В книге рассказывается история главного героя, который сталкивается с различными проблемами и препятствиями на протяжении всего своего путешествия. По пути он встречает множество второстепенных персонажей, которые играют важные роли в истории. Благодаря опыту главного героя книга исследует такие темы, как любовь, потеря, надежда и стойкость. По мере того, как главный герой преодолевает свои трудности, он усваивает ценные уроки жизни и растет как личность.

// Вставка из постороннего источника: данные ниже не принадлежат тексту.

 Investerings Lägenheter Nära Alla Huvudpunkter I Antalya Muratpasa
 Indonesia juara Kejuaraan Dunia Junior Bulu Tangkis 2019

Семнадцать «или» и другие эссе

Лешек Колаковский (1927-2009) философ, историк философии, занимающийся также философией культуры и религии и историей идеи. Профессор Варшавского университета, уволенный в 1968 г. и принужденный к эмиграции. Преподавал в McGill University в Монреале, в University of California в Беркли, в Йельском университете в Нью-Хевен, в Чикагском университете. С 1970 года живет и работает в Оксфорде. Является членом нескольких европейских и американских академий и лауреатом многочисленных премий (Friedenpreis des Deutschen Buchhandels, Praemium Erasmianum, Jefferson Award, премии Польского ПЕН-клуба, Prix Tocqueville). В книгу вошли его работы литературного характера: цикл эссе на библейские темы "Семнадцать "или"", эссе "О справедливости", "О терпимости" и др.


Смертию смерть поправ

В книге рассказывается история главного героя, который сталкивается с различными проблемами и препятствиями на протяжении всего своего путешествия. По пути он встречает множество второстепенных персонажей, которые играют важные роли в истории. Благодаря опыту главного героя книга исследует такие темы, как любовь, потеря, надежда и стойкость. По мере того, как главный герой преодолевает свои трудности, он усваивает ценные уроки жизни и растет как личность.


Авантюра времени

«Что такое событие?» — этот вопрос не так прост, каким кажется. Событие есть то, что «случается», что нельзя спланировать, предсказать, заранее оценить; то, что не укладывается в голову, застает врасплох, сколько ни готовься к нему. Событие является своего рода революцией, разрывающей историю, будь то история страны, история частной жизни или же история смысла. Событие не есть «что-то» определенное, оно не укладывается в категории времени, места, возможности, и тем важнее понять, что же это такое. Тема «события» становится одной из центральных тем в континентальной философии XX–XXI века, века, столь богатого событиями. Книга «Авантюра времени» одного из ведущих современных французских философов-феноменологов Клода Романо — своеобразное введение в его философию, которую сам автор называет «феноменологией события».